The standard anti-lock braking system is now available in many modern vehicles and has undergone some changes since it was introduced as an automotive braking system. Depending on the version installed in your vehicle you may find that in addition to preventing wheel locking, the latest model can electronically control the front-to-rear break bias, to help the driver maintain control of the vehicle.

There are several types of automotive braking systems, including the vacuum assisted brake system also found in modern vehicles. When the engine is running it creates a vacuum which combines with the pressure you apply to the brake pedal and increase the car’s ability to stop quickly, reducing the stopping distance. However, if the engine is revving, the vacuum weakens and reduces braking power, increasing the stopping distance and slowing down the cars progress towards a stop.

Automobiles have friction brakes that use friction to create kinetic energy. The vehicle begins to slow down and eventually stop, and the heat energy is released into the air.
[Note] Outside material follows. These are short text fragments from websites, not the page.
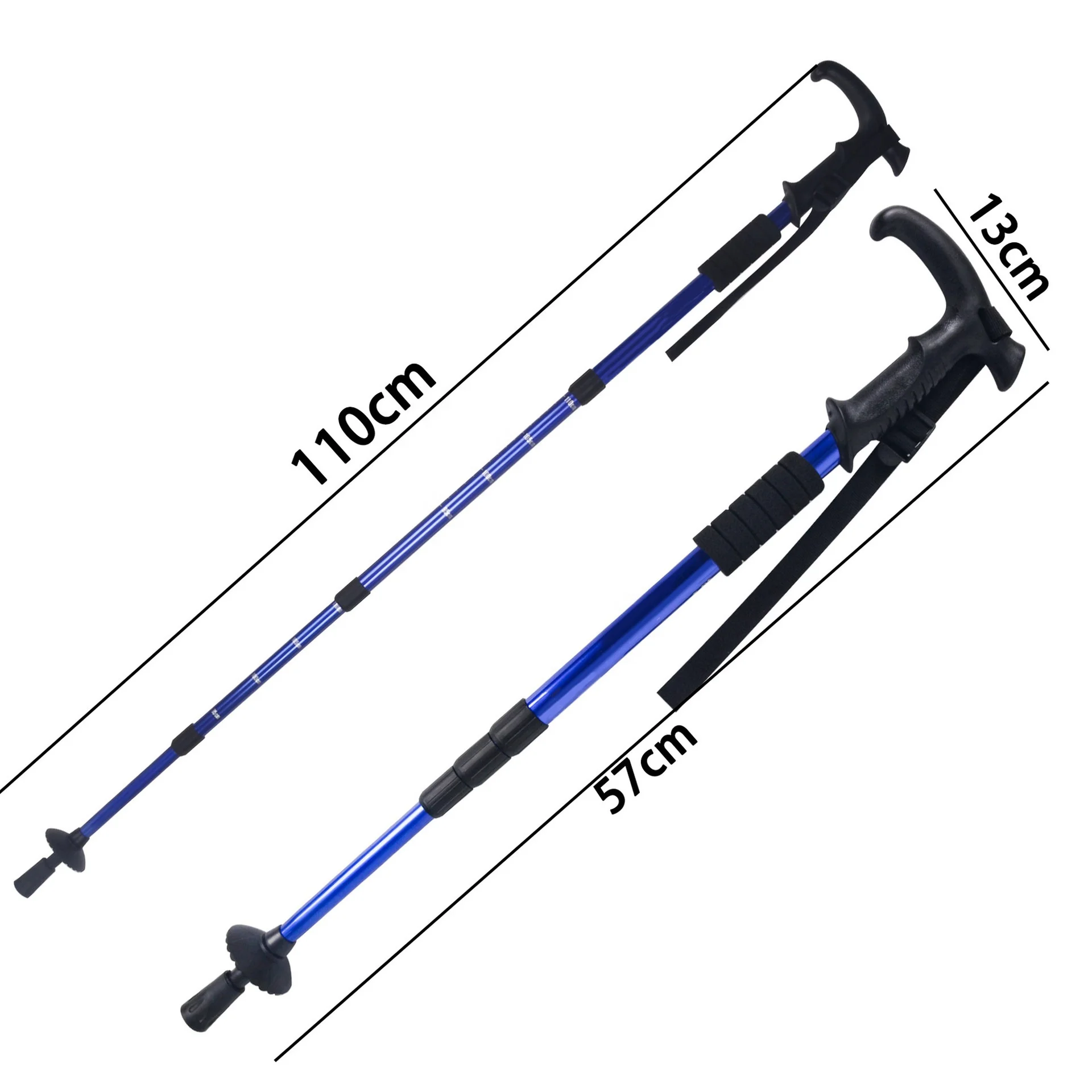 OEM ODM Customized Tracking Walking Hiking Sticks Trekking Poles Aluminum 3 Section Adjustable Folding Strap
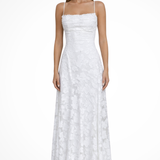 Rosa | Vestido maxi formal de mujer con tirantes de spaghetti y encaje en la parte posterior, con diseño de jacquard floral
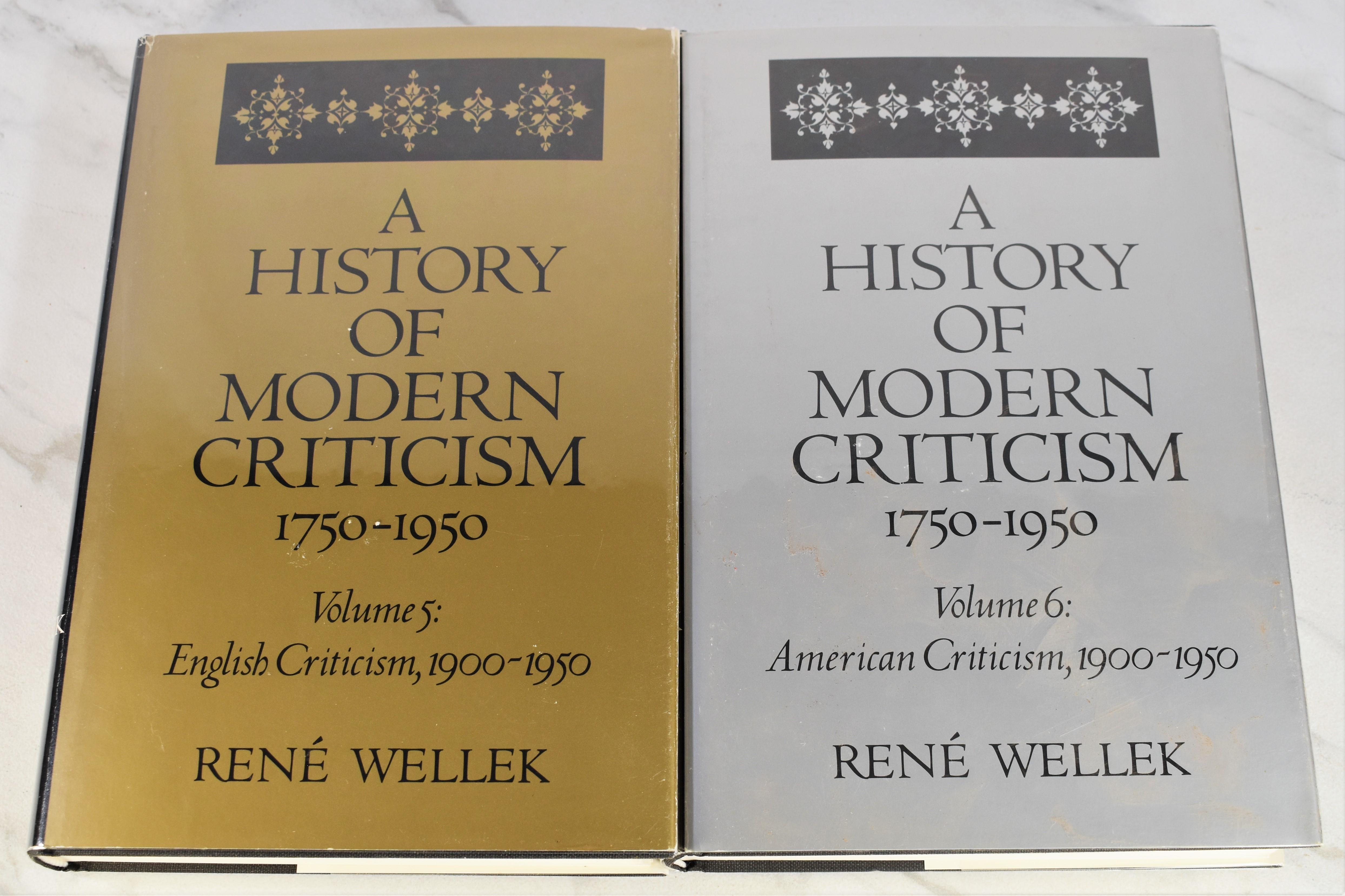 A HISTORY OF MODERN CRITICISM (VOLUMES 1-6) by Rene Wellek: Very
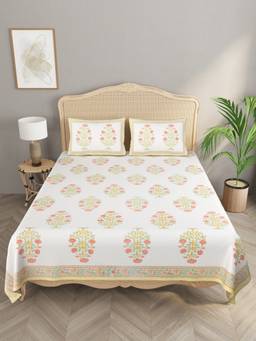 House of Gulab - White Double King Handblock Print Bedsheet with 2 Pillow Covers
The brake pedal creates the friction by working with the road wheel hubs, or in some models with the axles or the transmission.

Drum brakes are connected to the rotating road wheel hub and when the brake shoes connect with the inner drum surface, it creates friction that gradually slows down the vehicle. It is this friction that causes the brake shoes to need replacing. As any good driver will tell you the more frequently you use the breaks and the harsher you are in applying them, the more often the break shoes will wear out.
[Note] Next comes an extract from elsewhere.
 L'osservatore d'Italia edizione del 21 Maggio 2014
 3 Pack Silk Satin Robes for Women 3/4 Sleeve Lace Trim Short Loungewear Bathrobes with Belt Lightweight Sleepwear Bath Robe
A disc or rotor break is connected to wheel or the axle of the vehicle to help slow it down and eventually stop. This disc connects with the brake pads causing friction and slowing down the vehicle. You may be surprised to find that slowing down or stopping your vehicle is quite as complex, but if you take time to consider the size and power of any car moving at a speed, slamming the brakes on perhaps to avoid an accident requires a great deal of instant energy to slow it down.

You may well have read in the papers or seen on the news, what can happen when breaks malfunction. It may be that the driver has misjudged the situation and not applied their brakes swiftly enough, or it could be a mechanical fault, but the results can be fatal. That is one of the best reasons why we all need to ensure our automotive braking system is fully functional and is services regularly.